■ Aim of the task ■
Determine how many lines in the records below contain "Farmhouse", then state that number alone.

········

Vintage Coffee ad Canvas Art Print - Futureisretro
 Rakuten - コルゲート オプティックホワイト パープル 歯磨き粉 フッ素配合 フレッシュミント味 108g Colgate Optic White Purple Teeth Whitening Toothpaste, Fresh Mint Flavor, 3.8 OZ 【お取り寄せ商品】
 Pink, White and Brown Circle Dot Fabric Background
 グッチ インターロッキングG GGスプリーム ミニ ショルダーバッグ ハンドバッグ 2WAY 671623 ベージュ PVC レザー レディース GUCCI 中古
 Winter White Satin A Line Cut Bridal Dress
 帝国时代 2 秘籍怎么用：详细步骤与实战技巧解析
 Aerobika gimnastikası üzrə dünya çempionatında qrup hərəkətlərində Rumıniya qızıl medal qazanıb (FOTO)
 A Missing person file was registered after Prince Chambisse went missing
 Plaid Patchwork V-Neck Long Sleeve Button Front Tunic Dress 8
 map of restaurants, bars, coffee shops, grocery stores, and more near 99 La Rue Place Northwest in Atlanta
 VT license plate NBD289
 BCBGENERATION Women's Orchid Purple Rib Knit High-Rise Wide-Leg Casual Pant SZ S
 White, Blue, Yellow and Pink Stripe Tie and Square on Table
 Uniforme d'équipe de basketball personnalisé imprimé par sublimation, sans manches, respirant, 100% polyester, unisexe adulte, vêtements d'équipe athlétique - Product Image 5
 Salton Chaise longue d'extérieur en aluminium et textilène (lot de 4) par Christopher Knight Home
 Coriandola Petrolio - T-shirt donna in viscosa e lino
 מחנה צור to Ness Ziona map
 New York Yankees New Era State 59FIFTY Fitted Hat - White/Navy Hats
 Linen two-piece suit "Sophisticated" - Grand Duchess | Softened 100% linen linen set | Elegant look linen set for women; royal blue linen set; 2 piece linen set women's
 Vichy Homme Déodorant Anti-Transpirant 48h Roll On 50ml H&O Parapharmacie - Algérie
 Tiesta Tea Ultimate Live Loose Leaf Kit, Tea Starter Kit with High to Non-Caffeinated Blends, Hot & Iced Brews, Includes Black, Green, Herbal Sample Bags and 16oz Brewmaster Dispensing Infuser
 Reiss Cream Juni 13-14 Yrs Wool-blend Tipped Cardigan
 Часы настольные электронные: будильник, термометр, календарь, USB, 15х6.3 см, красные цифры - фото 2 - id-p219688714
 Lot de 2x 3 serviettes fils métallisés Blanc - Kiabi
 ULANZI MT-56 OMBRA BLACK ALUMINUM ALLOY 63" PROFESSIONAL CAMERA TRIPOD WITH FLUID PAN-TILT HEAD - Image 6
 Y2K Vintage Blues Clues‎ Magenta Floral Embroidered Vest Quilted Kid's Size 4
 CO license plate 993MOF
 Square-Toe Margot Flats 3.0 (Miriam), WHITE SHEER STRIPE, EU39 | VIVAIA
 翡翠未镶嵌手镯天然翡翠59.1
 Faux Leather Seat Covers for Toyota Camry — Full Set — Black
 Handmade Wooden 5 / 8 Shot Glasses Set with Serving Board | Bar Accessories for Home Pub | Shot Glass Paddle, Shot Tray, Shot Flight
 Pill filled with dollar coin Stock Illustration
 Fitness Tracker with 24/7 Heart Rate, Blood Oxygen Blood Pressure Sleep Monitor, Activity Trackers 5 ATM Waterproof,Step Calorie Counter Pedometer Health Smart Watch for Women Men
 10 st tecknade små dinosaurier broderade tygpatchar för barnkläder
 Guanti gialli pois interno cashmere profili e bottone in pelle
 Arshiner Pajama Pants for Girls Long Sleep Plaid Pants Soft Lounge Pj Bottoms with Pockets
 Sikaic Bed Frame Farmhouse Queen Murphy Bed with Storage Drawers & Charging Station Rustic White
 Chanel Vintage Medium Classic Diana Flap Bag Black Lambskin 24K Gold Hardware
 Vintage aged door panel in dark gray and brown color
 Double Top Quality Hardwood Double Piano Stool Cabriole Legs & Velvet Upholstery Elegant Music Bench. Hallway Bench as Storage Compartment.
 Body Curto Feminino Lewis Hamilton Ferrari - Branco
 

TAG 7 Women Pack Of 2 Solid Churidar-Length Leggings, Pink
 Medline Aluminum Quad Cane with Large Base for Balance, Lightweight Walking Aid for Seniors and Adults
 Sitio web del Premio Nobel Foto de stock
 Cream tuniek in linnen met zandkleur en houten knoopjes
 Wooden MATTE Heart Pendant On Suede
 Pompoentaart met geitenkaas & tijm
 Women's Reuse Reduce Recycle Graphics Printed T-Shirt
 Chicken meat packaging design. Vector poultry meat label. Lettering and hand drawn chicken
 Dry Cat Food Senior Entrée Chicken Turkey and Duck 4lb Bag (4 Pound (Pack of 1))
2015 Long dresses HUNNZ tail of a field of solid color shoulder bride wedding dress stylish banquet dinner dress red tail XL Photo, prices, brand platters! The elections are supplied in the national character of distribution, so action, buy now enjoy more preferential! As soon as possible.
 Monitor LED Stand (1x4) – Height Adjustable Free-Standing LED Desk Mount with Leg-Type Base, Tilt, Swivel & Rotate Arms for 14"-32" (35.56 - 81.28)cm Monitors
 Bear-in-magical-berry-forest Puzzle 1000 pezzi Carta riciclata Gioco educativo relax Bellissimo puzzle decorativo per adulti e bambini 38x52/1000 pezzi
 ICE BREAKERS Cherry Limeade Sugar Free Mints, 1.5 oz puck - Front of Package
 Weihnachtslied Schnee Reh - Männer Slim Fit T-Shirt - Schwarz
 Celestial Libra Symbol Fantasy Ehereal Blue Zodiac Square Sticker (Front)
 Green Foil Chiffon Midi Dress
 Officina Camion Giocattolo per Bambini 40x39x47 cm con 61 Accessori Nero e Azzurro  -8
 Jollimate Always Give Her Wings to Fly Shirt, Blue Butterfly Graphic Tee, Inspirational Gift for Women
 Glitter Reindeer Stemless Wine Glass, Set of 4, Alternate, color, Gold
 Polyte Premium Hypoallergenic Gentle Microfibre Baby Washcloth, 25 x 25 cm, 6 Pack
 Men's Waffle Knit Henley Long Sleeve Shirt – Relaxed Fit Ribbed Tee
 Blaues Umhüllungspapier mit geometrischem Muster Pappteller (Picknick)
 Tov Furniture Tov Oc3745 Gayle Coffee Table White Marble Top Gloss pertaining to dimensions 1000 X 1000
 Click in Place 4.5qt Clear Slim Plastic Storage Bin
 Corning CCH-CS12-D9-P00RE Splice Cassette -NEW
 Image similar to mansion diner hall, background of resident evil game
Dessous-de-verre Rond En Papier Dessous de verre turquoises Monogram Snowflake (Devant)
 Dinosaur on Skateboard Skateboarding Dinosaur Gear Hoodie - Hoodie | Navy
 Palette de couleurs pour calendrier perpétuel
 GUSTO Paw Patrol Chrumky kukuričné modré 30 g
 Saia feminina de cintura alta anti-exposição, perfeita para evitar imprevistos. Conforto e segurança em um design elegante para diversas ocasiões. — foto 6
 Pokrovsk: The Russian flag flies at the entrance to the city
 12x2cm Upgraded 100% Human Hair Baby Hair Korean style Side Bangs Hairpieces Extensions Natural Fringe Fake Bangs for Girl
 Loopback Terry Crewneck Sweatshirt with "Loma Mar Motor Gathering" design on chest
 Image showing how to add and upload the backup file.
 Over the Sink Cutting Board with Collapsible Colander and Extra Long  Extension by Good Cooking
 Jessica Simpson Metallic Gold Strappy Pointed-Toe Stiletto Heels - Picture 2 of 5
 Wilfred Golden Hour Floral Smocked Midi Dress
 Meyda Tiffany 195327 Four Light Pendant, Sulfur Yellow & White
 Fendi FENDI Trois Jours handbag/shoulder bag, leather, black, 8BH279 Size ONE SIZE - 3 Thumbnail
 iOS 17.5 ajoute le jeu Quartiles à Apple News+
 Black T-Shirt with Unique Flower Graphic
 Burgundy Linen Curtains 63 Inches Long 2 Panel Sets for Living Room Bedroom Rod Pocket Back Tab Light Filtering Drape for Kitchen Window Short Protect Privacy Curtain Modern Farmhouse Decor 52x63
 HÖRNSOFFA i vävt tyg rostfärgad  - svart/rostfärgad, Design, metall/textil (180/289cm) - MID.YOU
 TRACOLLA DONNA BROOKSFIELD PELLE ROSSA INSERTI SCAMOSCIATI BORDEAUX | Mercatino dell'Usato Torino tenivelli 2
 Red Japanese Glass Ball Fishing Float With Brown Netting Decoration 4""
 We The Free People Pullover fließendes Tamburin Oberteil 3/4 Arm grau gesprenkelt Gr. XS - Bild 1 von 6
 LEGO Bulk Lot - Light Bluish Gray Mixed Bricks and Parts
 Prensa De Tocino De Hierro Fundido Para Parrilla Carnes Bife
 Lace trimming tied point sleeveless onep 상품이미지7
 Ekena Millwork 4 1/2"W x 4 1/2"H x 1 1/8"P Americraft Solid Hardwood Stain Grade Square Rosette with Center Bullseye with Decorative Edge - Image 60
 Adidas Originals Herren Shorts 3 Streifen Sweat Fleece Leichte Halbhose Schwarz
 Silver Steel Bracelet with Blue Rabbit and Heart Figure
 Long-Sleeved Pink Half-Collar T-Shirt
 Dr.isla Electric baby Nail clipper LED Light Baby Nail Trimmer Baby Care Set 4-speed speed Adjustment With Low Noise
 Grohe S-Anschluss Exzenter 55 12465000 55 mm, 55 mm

········

■ Answer space ■
2